I’ve been slowly reading through Gail Fisher’s The Thinking Dog: Crossover to Clicker Training and it’s been an interesting exercise in figuring out what I’m doing. As we’ve progressed with Knox’s reactivity, having both good and bad days, I’ve begun to worry about whether or not I’m 1) using food effectively, 2) focusing too much on “positive/negative reinforcement/punishment.”
The biggest thing that opened my eyes was remembering that B.F. Skinner (and Thorndike) are psychologists, which means their use of terminology is not the way we, non-psychologists, would.
Positive (+): to add
Negative (-): to remove
This seems simple enough to comprehend, but how does it apply with reinforcement and punishment? What does reinforcement and punishment even mean?
They are consequences. Reinforcement (R) strengthens while punishment (P) weakens.
We should not simply assume that punishment means something aversive, physical, or painful. As humans, we tend to think of punishment as being hit but in reality, we learn the same way as children: “no going outside to play until you clean your room!”
Gail breaks down the four possible behavioural effectors the best. How many owners think they’re only R+? I definitely thought I was very limited in using any of the other quadrants!
Positive Reinforcement (R+): The trainer adds something desirable to the dog to strengthen a behaviour. The dog perceives that his behaviour results in good things.
“Sitting means praise and hot dogs!”
Negative Reinforcement (R-): The trainer’s goal is to strengthen a behaviour by removing something the dog perceives as undesirable. The dog perceives this as bad things stop when I do this.

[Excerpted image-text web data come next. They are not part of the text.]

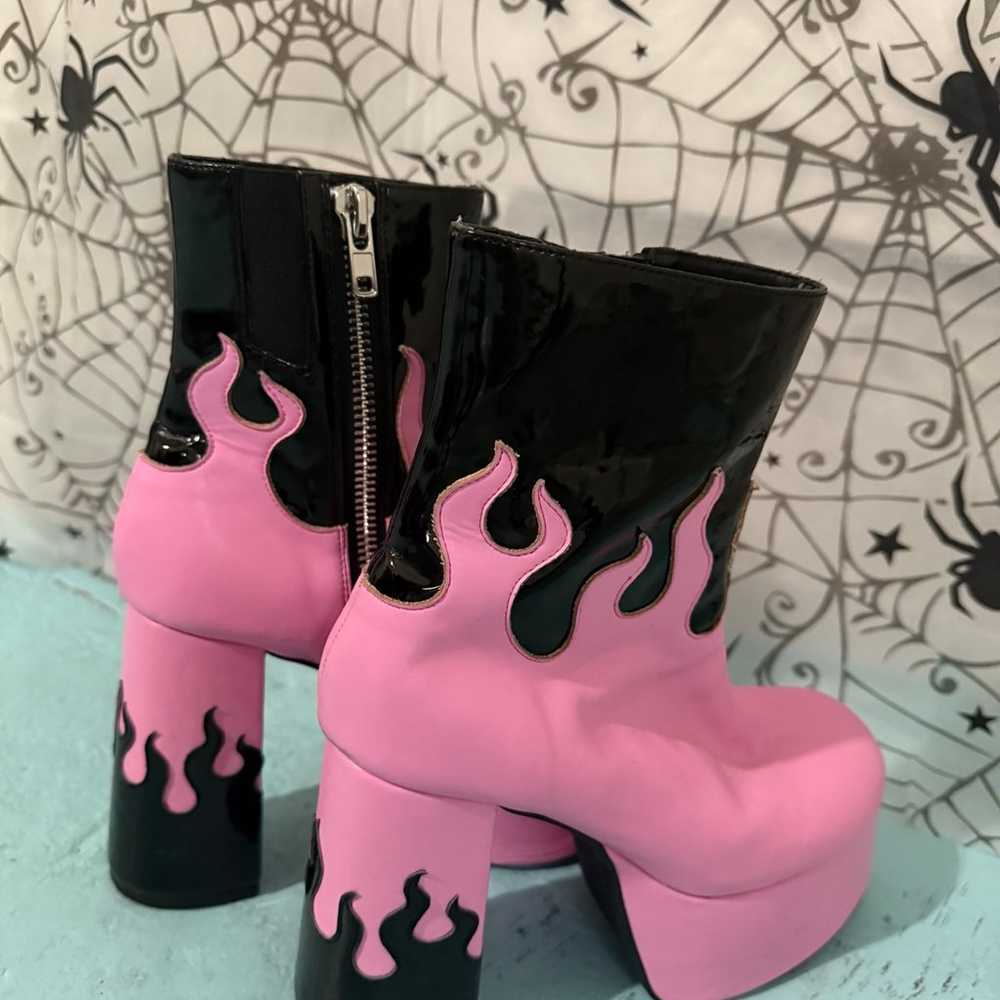 Sugar Thrillz Ring Of Fire Pink Platform Boots - image 2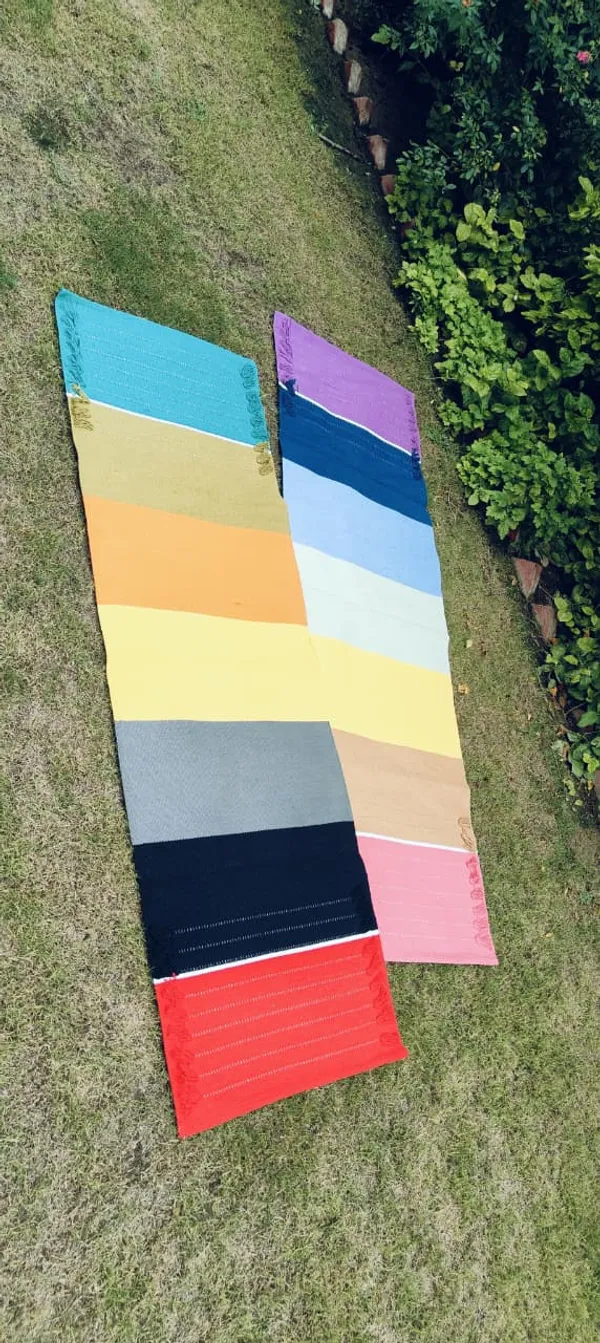 Handcrafted_Braided_Rope_Cotton_Yoga_Mat_with_Tassels_-_Rainbow_Multi_Color_Block_(23"_x_72",_1.3_Kg)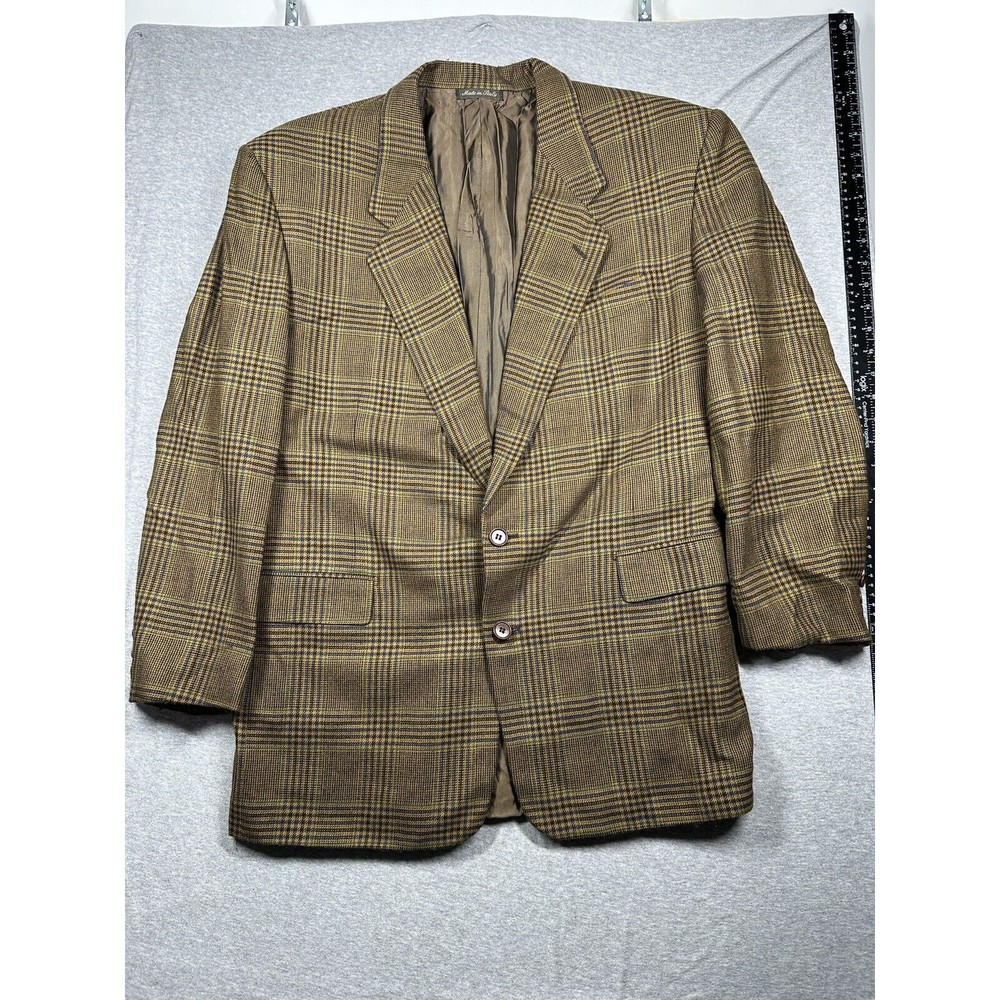 Pal Zileri Wool‎ Blazer Sport Coat Jacket Men 44 R Brown Blue Plaid Italy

“When I stop pulling while on leash, the pressure from my head halti stops. Not pulling = no more pressure.”
Positive Punishment (P+): The trainer adds something undesirable to weaken a behaviour. The dog perceives this as bad things result.
“When I bark at dogs, I get a leash pop.”
Negative Punishment (P-): The trainer takes away something desireable for the purpose of weakening a behaviour.” The dog perceives this as good things stop.
“When I bark at my human, my human goes away.”
As we’re slowly incorporating more and more techniques into our reactivity repertoire, I’m realizing there are people that are against Behavioural Adjustment Training (BAT) because it is based on negative reinforcement. While that’s an completely different can of worms, it teaches the dog that “if I react to the dog, it doesn’t go away” and the dog can make good decisions to get away from the undesirable thing: reacting doesn’t make it go away. Giving calm behaviours does.
Just as we socialize puppies by introducing them to potential stressors (loud noises, random textures, different people, different dogs, etc.), controlled introduction to potential stressors (or punishment) teaches a dog to cope, adapt and learn how to deal with it appropriately.